The employee's speech prior to the song, translated to English, is:
For countless nights, with sparkling stars in the sky, Dahua, has become the most shining one in the dark. With a firm belief, we carry on. To make the society safer and to make lives smarter, we are the fighting Dahua-ers. We breathe with our motherland, we share one destiny. Tens of thousands of Dahua-ers fight for this mission brought to us by the history. We are one piece of sand in this enormous population. We are one water drop of the long river of the history. We sail against the storm with enthusiasm. With full ambition in our chests, we forge the glory. With everyone's heart aligned, we are firm in reformation. The horn of our era has blown. We are embarking on a new journey. Let's sing the song in our heart together to wish our country for strength and prosperity [emphasis added]
Hammer and Sickle in China
Also, the hammer and sickle is at the center of the PRC's Great Hall of the People, the meeting place for their National People's Congress and where Xi Jinping regularly speaks, as shown below:
Why Communist Party Pin
While Dahua could have used the country's PRC flag, the Party is worried about people separating the two (government vs. Party). In 2013, when the phrase "love the country does not equal love the party" (爱国不等于爱党) caught on with PRC netizens, PRC state media claimed this was "ideological infiltration" from the West and pointed out that multiparty democracy in Iraq and Libya has led to "turmoil and war".
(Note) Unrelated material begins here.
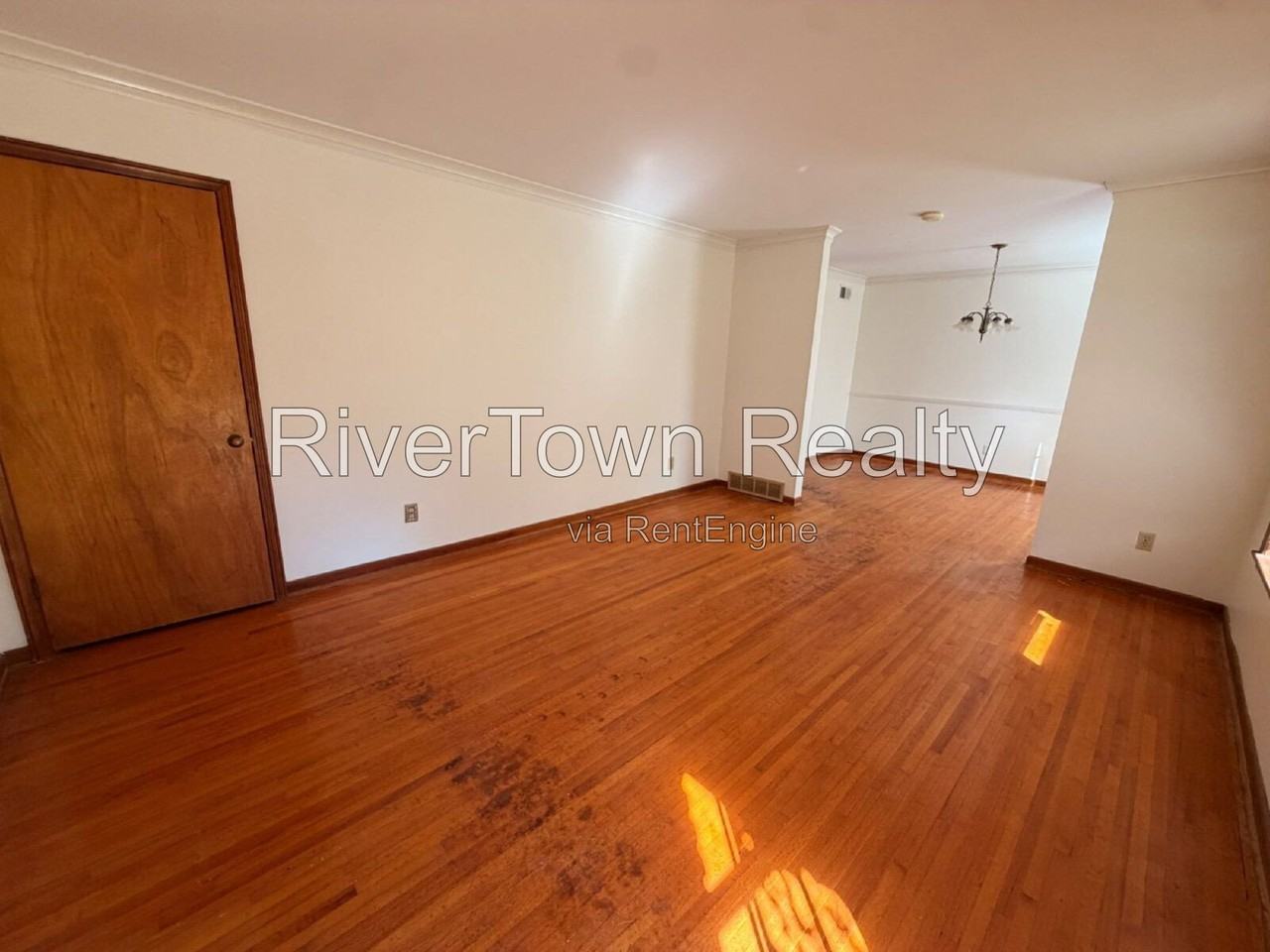 3279 Hanna Dr - Photo 3 of 18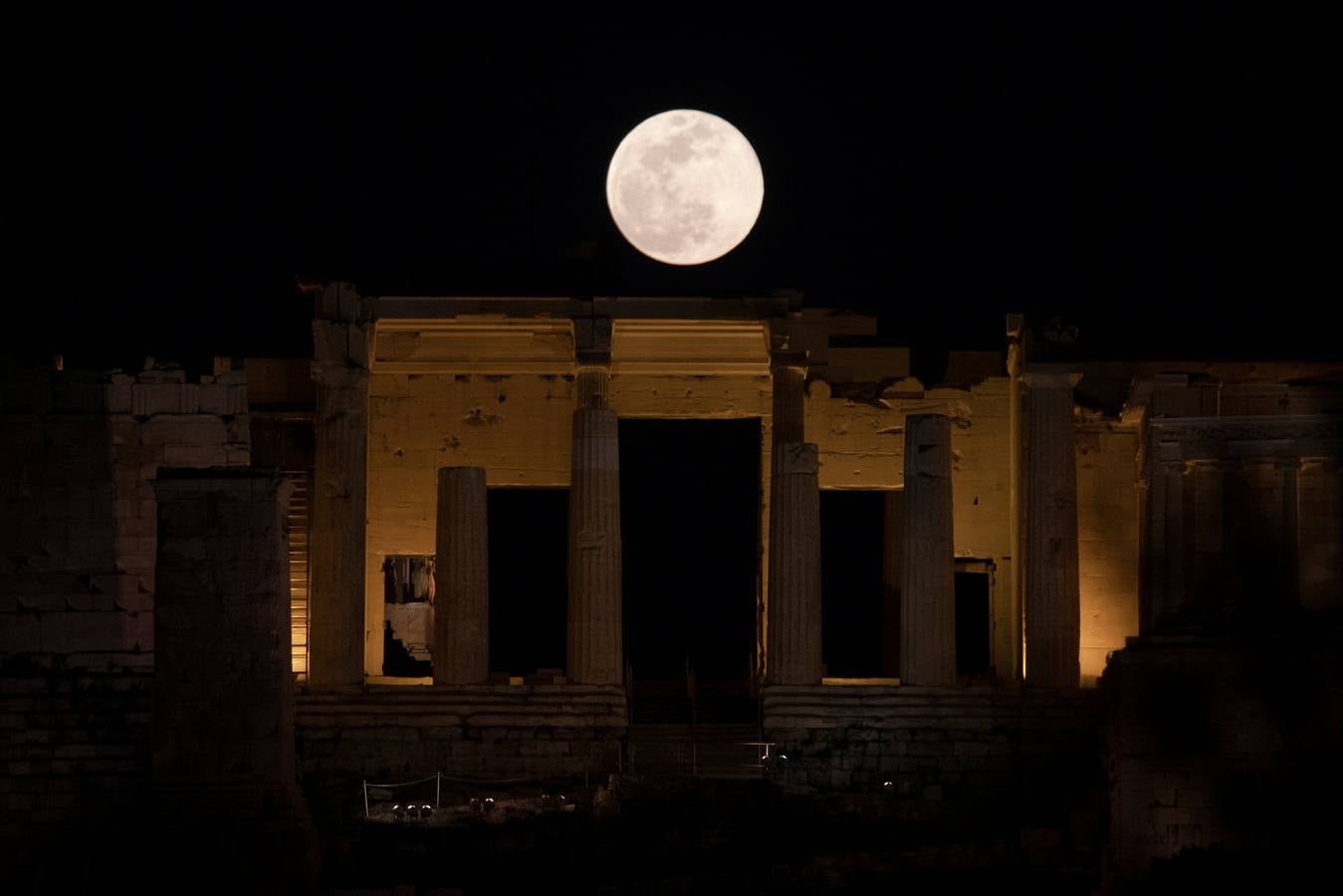 Un fenómeno que ocurre cuando la luna llena se encuentra en su perigeo, el punto más cercano a la Tierra, y en esta ocasión es llamada 'de nieve' porque se produce en un periodo de grandes nevadas en el hemisferio norte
The China Communist Party controls all levels of government in China and does not want people to make a clear distinction. This means anyone who is against the Party, like Hong Kong protesters, is considered a "traitor" to the PRC. (The US equivalent would be being branded a national traitor if one supported the Democrats while Republicans were in power).
Dahua has previously implied that, unlike state-owned Hikvision, it is independent of government influence - e.g., when the NDAA ban passed, Dahua said it is "not a government owned entity". Dahua's shares are indeed private. Its top shareholder by far is the founder and chairman Fu Liquan, who owns 36% of the company's shares.
Dahua's "unconditional fealty to the party and state"
However, Willy Lam, an adjunct history professor at the Chinese University of Hong Kong, told IPVM the video showed Dahua's "unconditional fealty to the party and state":
This video is really over-the-top in demonstrating a private company’s total and unconditional fealty to the party and state. This is what Xi Jinping is demanding of large private enterprises (even though many so-called private enterprises enjoy the patronage of powerful politicians including princelings). By professing undying loyalty to the party-state, private bosses hope that the CCP won’t be sending so many commissars into their offices. The trend seems to be more party hacks being posted to private firms to ensure their loyalty.
State-Owned Hikvision Comparison
Hikvision itself did not post such a video, however, its chairman Chen Zongnian and its state-owned controlling shareholder CETHIK held a large celebration of the PRC's 70th anniversary on September 26th in Hikvision's HQ of Hangzhou.
Chen gave a speech praising "the contribution of state-owned enterprises to realize the Chinese dream of the great rejuvenation of the Chinese nation". (These are political slogans closely associated with Xi Jinping.)
CETHIK also sang "There is no new China without the Communist Party" at the event, a version of which is embedded below :
China is a one-party ruled state where the CCP ultimately controls all aspects of society: business, politics, media, etc. Especially under current leader Xi Jinping, it has been clearer than ever that the Party "has returned to being the ultimate authority in business as well as politics", as noted by China expert Richard McGregor.
Dahua, as a PRC company, is clearly displaying loyalty to the Party.